KÜRTLERİN KURTULUŞU TÜRKİYE DEVRİMİNDEDİR
- Partimiz Türkiye Komünist Hareketi başta Kürtler olmak üzere ülkemizin tüm emekçilerine şu noktaları bir kere daha hatırlatmayı görev bilmektedir:
- Gerici faşist AKP-MHP iktidarının çözüm süreci için yaptığı çağrının niyeti ve siyaseten karşılığı sorgulanmalı, düzenin bu başlık üzerinden yaptığı hesaplar görülmelidir.
- Kapalı kapılar ardında yapılan pazarlıklar ve gizli anlaşmalar ile yürütülen süreçlerin emekçilere geçmişte bir faydası olmamıştır, gelecekte de olmayacaktır. Bütün süreç, şeffaf bir biçimde ülke kamuoyuna açık olarak yürütülmelidir.
- Kürt sorununun çözümünün istibdat rejiminin yeni anayasasına bağlanması büyük bir kandırmaca ve rejimin kendini aklama operasyonudur.
- NATO’cu sermaye devleti ve gerici faşist iktidar Ortadoğu’da çıkışı Suriye’nin parçalanmasında ve Suriye’nin kuzeyinde kurulacak olası Kürt devletine hamilikte aramaktadır. Barış süreci adı altında “Amerikan barışı”nın parçası olmaktan emekçilere fayda gelmez.
- Kürt siyasi hareketinin bölgedeki silahlı mücadele pratiği artık önemli oranda emperyalizm ile iş birliğinin bir değişkeni haline gelmiştir. Suriye’deki durum bunun temel bir örneğidir. Diğer taraftan Türkiye içerisinde sivilleri dahi gözetmeden yapılan terör eylemleri her anlamda sermaye devletinin ve gerici faşist iktidarın ekmeğine yağ sürmektedir.
- Kürt sorunu gericilerin, faşistlerin, her türden milliyetçiliğin, emperyalistlerin ve liberallerin oyuncağı değildir, olamaz.
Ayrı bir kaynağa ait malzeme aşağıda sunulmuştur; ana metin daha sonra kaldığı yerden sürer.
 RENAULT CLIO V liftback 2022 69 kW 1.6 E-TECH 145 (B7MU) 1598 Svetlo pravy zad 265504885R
- Bölgede Kürt sorununu da içeren her türden gerici ittifak, emperyalizmin bölgeye dönük atacağı adımlardan bağımsız ele alınamaz. Bölgede İsrail-ABD merkezli tüm projeler emekçi halkın düşmanı, daha büyük savaşların habercisidir.
- Kürt sorununun çözümü tam da emekçilerin, ilericilerin ve devrimcilerin tarihsel davasıdır. Kürt sorununda çözüm, Türkiye’de emekçi halkın kaderinden, Türkiye ve bölgedeki ilerici, devrimci ve anti-emperyalist mücadeleden ayrı ele alınamaz.
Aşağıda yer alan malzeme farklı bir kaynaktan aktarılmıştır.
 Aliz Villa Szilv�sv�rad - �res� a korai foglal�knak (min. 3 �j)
- Kürt sorunu merkezli gelişen süreçlerde emperyalizmi ve istibdat rejiminin genel karakterini merkeze koymayan ve karşısına almayan devrimci bir siyaset geliştirilemez.
- Başta Türkler ve Kürtler olmak üzere tüm emekçilerin ortak iradesinin şekilleneceği sosyalist Türkiye temel hedeftir. Gericiliğin, emperyalizme bağımlılığın ve piyasacılığın egemen olduğu bir düzende demokrasi, insan hakları, adalet, hukukun üstünlüğü, siyasal özgürlükler, insanca yaşam mümkün olmadığı gibi Kürt siyasetinin “Kürt sorununda çözüm” adıyla piyasacı, gerici ve emek düşmanı bir rejime “yeni anayasa” aracılığı ile entegrasyonu, AKP eliyle kurulan istibdat rejiminin yerleşmesine hizmet edecektir.
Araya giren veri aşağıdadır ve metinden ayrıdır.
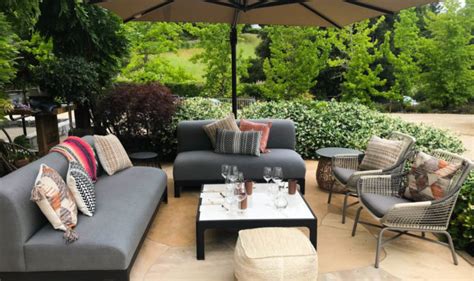 The Best Wineries in Healdsburg CA | Wine Country Table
- Emekçilerin kurtuluşuna doğrudan bağlı olan Kürt sorununun çözümü sosyalizmdedir. Sosyalizm bir hayal ya da uzak bir hedef değil Türk ve Kürt emekçilerinin eşit, özgür, kardeşçe yaşayacağı yeni Türkiye projesidir. Bu proje, yeni bir Cumhuriyet projesi olarak sadece Türkiye’nin değil, bütün Ortadoğu halklarının da devrimi olacaktır.